Netflix has had much success with shows like Orange is the New Black, and just recently Amazon commissioned Ripper Street’s third season.

That last production is very interesting, not least because it was originally a show that the BBC commissioned for two seasons, but which it decided it didn’t want to fund for a third. This despite it being voted the best show of 2013 in a poll the BBC’s own Radio Times TV guide and magazine ran.

In stepped Amazon Prime (formerly known as LOVEFiLM) and backed the production, and it sold on second screening rights to the BBC. This could well become a model for future shows, where the wider distribution model offered by streaming services makes them more affordable and therefore more likely to be made.

The greater problem is where this leaves the likes of the BBC, which doesn’t have a remit to become a global Fox/News Corp conglomerate. Most viewers want to choose their content and not have a publicly funded corporation simply repackage it for a hefty annual fee. What the savvy viewer is ultimately looking for is an entirely tailored service where you can watch only what you want and pay only for that.
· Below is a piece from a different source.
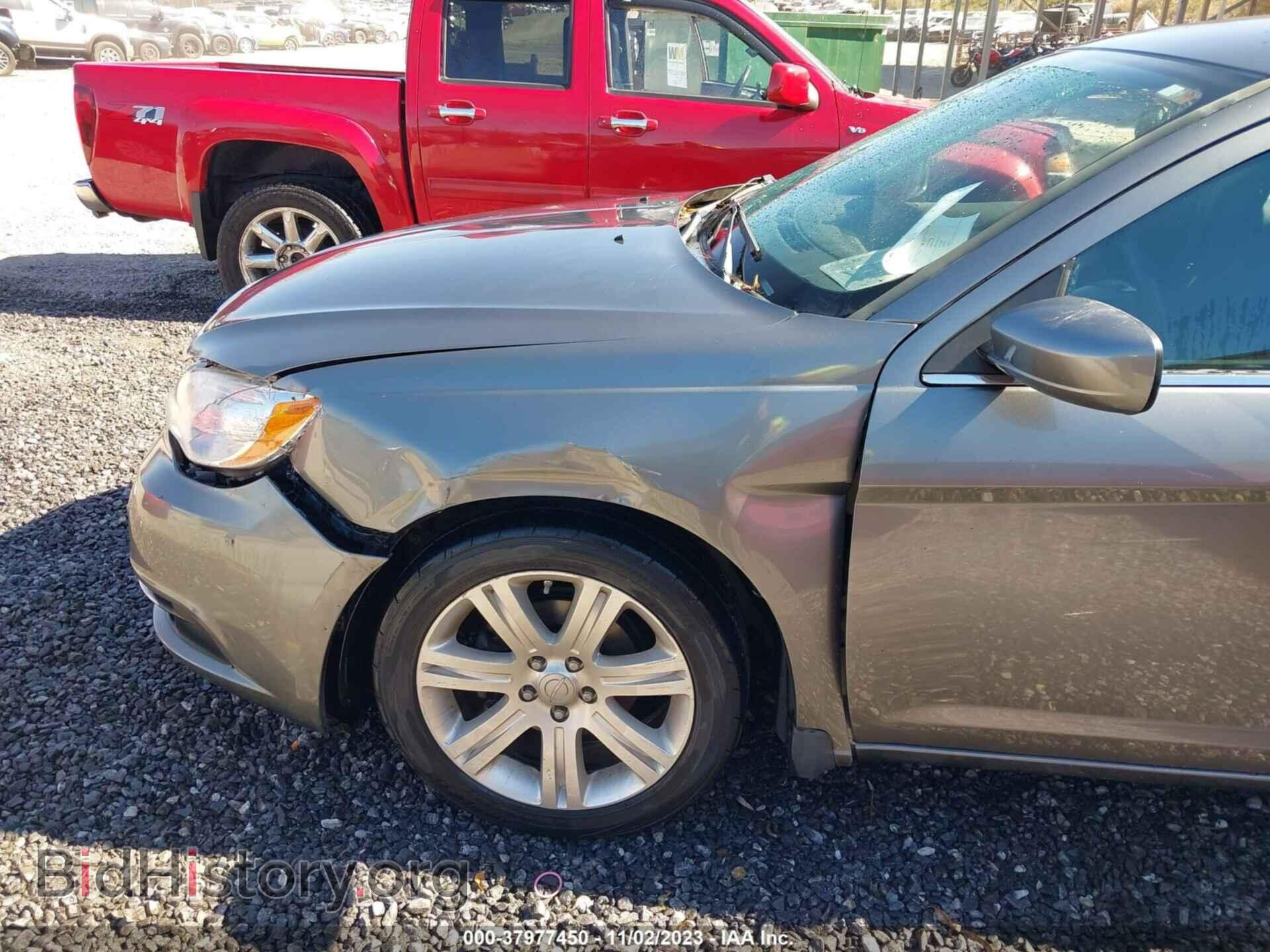 2012 CHRYSLER 200 - VIN: 1C3CCBAB5CN172519 - Фото 6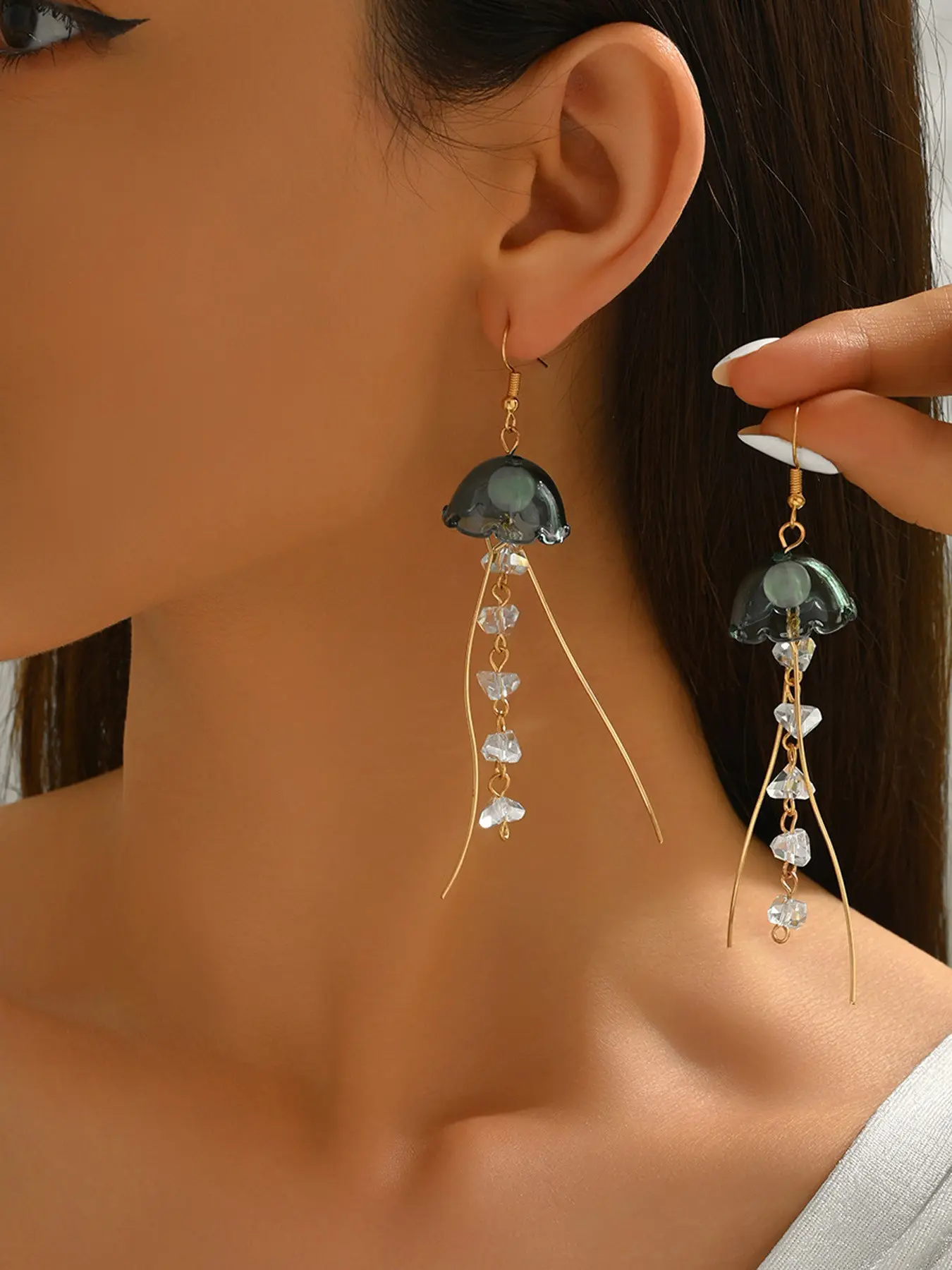 Fashionable Resin Jellyfish Drop Earrings, All-Match Jewelry for Daily Wear, Perfect for Beach Vacations and Travel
On that basis, the BBC doesn’t actually have a future, unless we’re looking to pay for a mandatory service that charges us for its global branding exercise. And if we really want someone to pick our TV, we can find someone cheaper and with a bigger catalogue than the BBC owns.

If it doesn’t make or commission things to a wider plan, then it’s just another streamed service provider – and one with a horrible track record of not understanding big IT infrastructure projects.

In the meantime, those that control the internet backbones are looking to milk the content streaming business by abolishing net neutrality and probably bring their own associated content businesses online once the market has matured.

A potential merger between two of the largest US ISPs, Comcast and Time Warner, is already ringing alarm bells, being that one of them is already a major player in content creation and online gaming.

The similarities between this and what happened to the film industry after WWII are striking. The big Hollywood businesses, like Warner Brothers, engaged in a vertical market where they not only owned the film stars but the studios, the production facilities, the distributors and the cinema chains. This wasn’t good for choice, quality or pricing, and ultimately legislation was enacted to break up these companies.

As for the bigger picture of TV viewing, many in the US are waiting for Nielsen to explain how cord cutting is now real and not a myth, and why they’ve been encouraging US TV networks to cancel shows with a healthy audience for years through tactical misinformation.

So far, that news story hasn’t appeared on any TV – yet.